By Steve Woodhouse
With little rainfall to speak of this year, several farmers in Iowa are suffering. The federal government responded last week by declaring several counties in Iowa, including Marion County, as disaster areas.
“For our operation, it's not going to help a whole lot,” Marion County Farmer Jim Petersen said. Petersen says the pond that waters his livestock have been getting low. He estimates the depth of the pond is at two feet.
“It's not a very deep pool,” Petersen said. There are farmers hauling water to care for their cattle. Petersen says he will just move his cattle closer to water.
“The livestock man is always the one to take a hit,” added Corwin Fee. Expenses associated with hauling water will not be covered by insurance.
“It's sad, it's disappointing, it's frustrating,” Fee said. Fee is selling his calves a month early. Like most farmers, there is little food or water available.
Fee estimates that 60 percent of his crops can be saved, but it depends on when the crops were planted. As the crops went in early, due to an easy winter, they will be harvested sooner.
Petersen also says his corn fields are unlikely to offer much yield. This is not the worst Petersen has seen, though. He says the 1977 drought was worse.
“It's been such a crazy year,” Petersen said.
“At this point, you're hoping to break even,” Fee said.
On Aug. 2, Secretary of Agriculture Tom Vilsack allowed farmers in affected counties to allow haying and grazing on land in the Conservation Reserve Program. This opened up 3.8 million acres of land for these purposes.
“That's not usually good stuff,” Fee said of the quality of the hay and pasture included in the CRP. “It's weedy.” The food available on these lands also has low protein and little nutrition. Most livestock producers will still need to purchase protein or feed.
Vilsack also announced that crop insurance companies have allowed a grace period for farmers' premiums, due to the drought. The companies have also been asked to waive interest on these payments through Nov. 1.

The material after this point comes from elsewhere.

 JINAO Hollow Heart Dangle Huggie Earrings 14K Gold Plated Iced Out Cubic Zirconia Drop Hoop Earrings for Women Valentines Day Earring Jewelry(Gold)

In all, the United States Department of Agriculture has designated 1,584 counties – 1,452 due to drought – as federal disaster areas in the 2012 crop year. All qualified farm operators are eligible for emergency loans.
With increasing costs, Fee and Petersen believe some farms may be lost. Effects of the difficult year for farmers will be felt in the ethanol, food and other industries. This year has also made planning for next year a greater challenge for farmers.
“Any management decision you make can cause you to doubt yourself,” Fee said.
Angie Vos with the Marion County Farm Services Agency, said more programs may be forthcoming. She believes the haying and grazing will have the biggest impact of programs allowed by USDA thus far.
Petersen and Fee are confident they will stay in the farming business.
“You have to have faith that God is in control,” Petersen said.